County engineer Randy Freston, who at commissioners' request was helped review the need for a new ambulance, recommended the purchase.David A. Cloward, of Orem's Hawkins, Borup, Cloward and Co., told commissioners last month he had some concerns about the procedure. He reported the East Juab Ambulance Association had entered into a commitment to purchase a new ambulance by trading in the ambulance purchased in 1989 and then borrowing $20,000 from a bank.
"To my knowledge, this expenditure was not included in the 1991 budget," said Cloward in a letter to commissioners. "Therefore, a budget hearing will need to be held to incorporate this transaction."
The competitive bidding process should have been used, said Cloward. In addition, the ambulance association didn't own the existing ambluance and did not have authority to convey title to the ambulance being traded in, he added.
"Approval of this disposal of county property should be approved by a motion of the county commissioners in a regular or special meeting."
Freston reported to commissioners on Monday that he and commissioner Joseph Bernini had met with Cloward and answered his questions concerning the purchase.
The review included a copy of an alternative proposal submitted by another supplier, which reflected higher costs for the same amulance.

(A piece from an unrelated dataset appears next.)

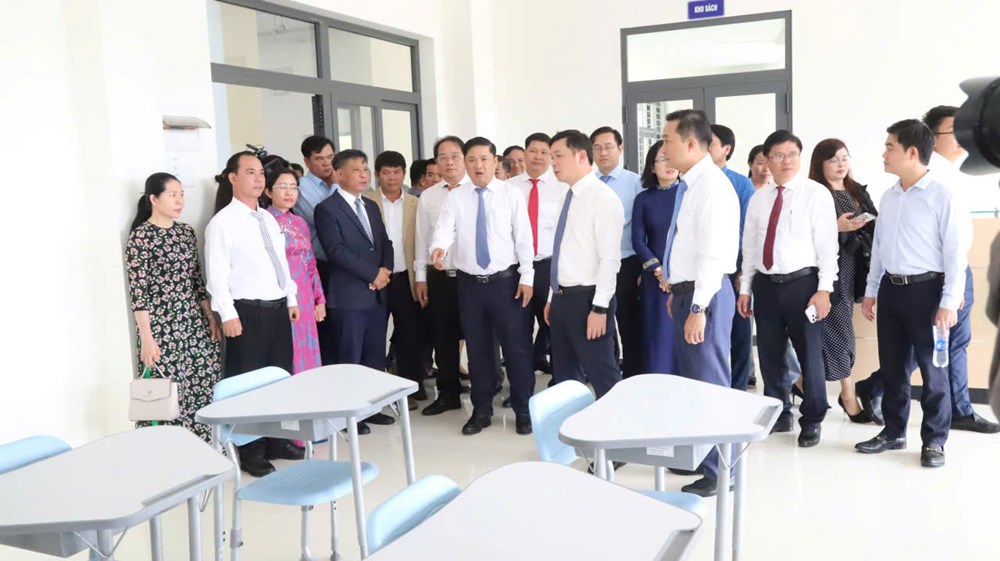 Niềm vui ngày khai trường đặc biệt tại Đắk Lắk - ảnh 6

In addition, they found the 1989 ambulance to be in bad condition and discovered it was no longer under warranty.
"Mr. Cloward advised that the commission should take official action concerning the redistribution of funding within the budget," said Freston.
Following the discussion with Freston, commissioners approved the purchase of the ambulance at a figure of $17,400. The amount budgeted to the purchase was $11,610, which will require the East Juab County Ambulance Association to return funds to Juab County's general fund by Dec. 30, 1991.
Freston said he had negotiated with Rocky Mountain Ambulance Association to trade in the existing 1989 ambulance.
"I find that the existing ambulance does not have capabilities of disposing the various hazardous materials, etc., as used by the ambulance technicians," said Freston. "This situation has been presented to me as a point of strong concern by various businesses and medical background personnel representing large industries in Utah.
"The new ambulance provides for state-of-the-art disposal areas for hazardous and contaminated materials," said Freston.
Freston said he had found the 1989 ambulance did "display conditions which are non-reparable."